The Generation Amazing program uses football to engage the camp’s children in extracurricular, play-based learning activities.

The coaches, all trained in Right To Play’s play-based, child-centered learning approach, use football drills like dribbling and passing to teach the girls and boys social skills like teamwork, acceptance and cooperation, and to create awareness about inclusion and gender equality, while motivating the girls to participate.

“Last year, when we first started this program, we didn’t think any girls would show up,” says Qusai. “So we talked to the parents in the community and encouraged them to let their daughters join. It was very slow in the beginning, but once the parents saw their children growing in confidence, respect and self-esteem they trusted us and allowed their daughters to participate.”


Currently, there are more than 500 girls between the ages 10 to 16 years in the program with an equal number of boys participating. Despite having to play on gender-segregated teams, the experience is fun and engaging and all of the children are learning that girls have the same capabilities and skills as boys. “I’d never played proper football on a team before,” says Baraa. “But my coach told us that it’s okay for girls to play and that there is no difference between boys and girls.”

With play at the centre of each session, before and after group discussions bookend each activity. Led by the Generation Amazing program coaches, the children talk about gender equality and what it means to them.

They discuss cultural expectations, like girls not being allowed to participate in football and why boys are allowed to play on the streets after school and girls are expected to come straight home. For most of the children it’s the first time they’ve been asked to share their opinions about gender equality and it’s boosting their confidence.

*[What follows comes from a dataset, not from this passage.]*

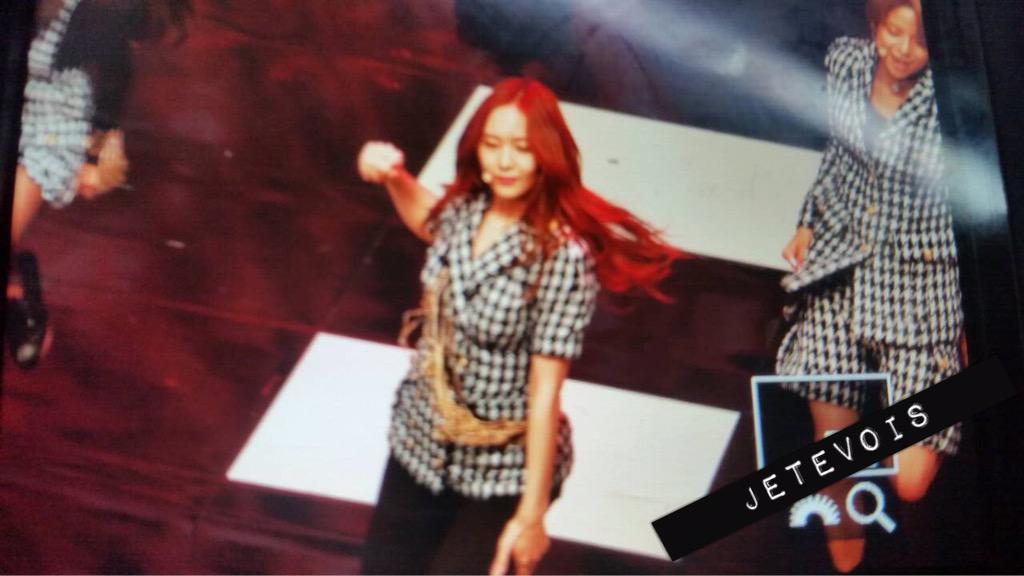 Jetevoisz's tweet photo. 150930 Soojung #fxminiconcert http://t.co/2Ne2b1h00K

“Playing football taught me how to be brave and talk to people I don’t know,” says Baraa. “I could not have done this before. It also encouraged me to have good marks in school, to focus on what I want and how to get it.”
Communicating as a group is an essential component of play-based learning. As the children “reflect” on the games they’ve played and the lessons they learned while playing, they “connect” this information to their own experiences and “apply” what they’ve learned to their daily lives. In a recent survey, youth in Jordan’s Al Baqa’a-based Generation Amazing program scored 83% in self-expression, that’s 11% higher than when these girls and boys first joined the program last year.


“Some people only love boys and think that boys bring them luck, but I believe girls can too,” says Baraa. “When I started playing football, I realized I could play just as good as the boys and I began to see that nobody is better than anybody else. At first, my only dreams were to score a goal, but now I want to be a professional football player when I grow up, a​​​nd an art teacher.”